Le thème du droit de vote pour les résident⸱e⸱s étranger·ère·s est controversé politiquement. Pourtant, d’un point de vue scientifique, l’extension des droits politiques aux personnes sans passeport suisse présente certains avantages – et ce même au-delà de la population issue de la migration. D’une part, il s’avère que les immigré·e·s habitant les cantons ayant des politiques d’intégration plus libérales, y compris le droit de vote des étranger·ère·s, se sentent plus liés à la Suisse que ceux des cantons ayant des droits moins inclusifs. D’autre part, des études scientifiques montrent qu’en réaction à l’introduction du droit de vote des résident⸱e⸱s étranger·ère·s, les Suisse⸱sse⸱s non issus de l’immigration ainsi que les immigré·e·s naturalisé·e·s participent davantage aux votations et aux élections et se sentent mieux représentés par l’élite politique. Ces résultats indiquent que l’extension des droits politiques formels n’est pas un jeu à somme nulle. Au contraire, en particulier dans une Suisse où la participation électorale est en baisse, le droit de vote des résident⸱e⸱s étranger·ère·s pourrait donner un nouvel élan à la cohésion démocratique de la société !

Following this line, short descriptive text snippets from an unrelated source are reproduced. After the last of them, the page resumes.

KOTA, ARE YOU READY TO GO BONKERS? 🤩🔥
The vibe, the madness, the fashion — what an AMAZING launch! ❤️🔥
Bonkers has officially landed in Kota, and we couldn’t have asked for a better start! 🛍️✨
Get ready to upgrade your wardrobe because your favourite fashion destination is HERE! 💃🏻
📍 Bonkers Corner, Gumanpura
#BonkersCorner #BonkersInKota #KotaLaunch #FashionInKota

Anna-Lena Nadler est post-doctorante au Département d’économie de l’Université de Leiden aux Pays-Bas.

Références:

-Kayran, Elif Naz, & Anna-Lena Nadler. 2022. « Non-citizen voting rights and political participation of citizens: evidence from Switzerland. » European Political Science Review 14 (2): 206-225.
-Kayran, Elif Naz, & Anna-Lena Nadler. 2024. « Local Alien Enfranchisement and External Efficacy Perceptions: Intended and Unintended Effects on Non-citizens and Citizens. » Political Behavior: 1-24.
-Stutzer, Alois, & Michaela Slotwinski. 2021. « Power sharing at the local level: Evidence on opting-in for non-citizen voting rights. » Constitutional Political Economy 32 (1): 1-30.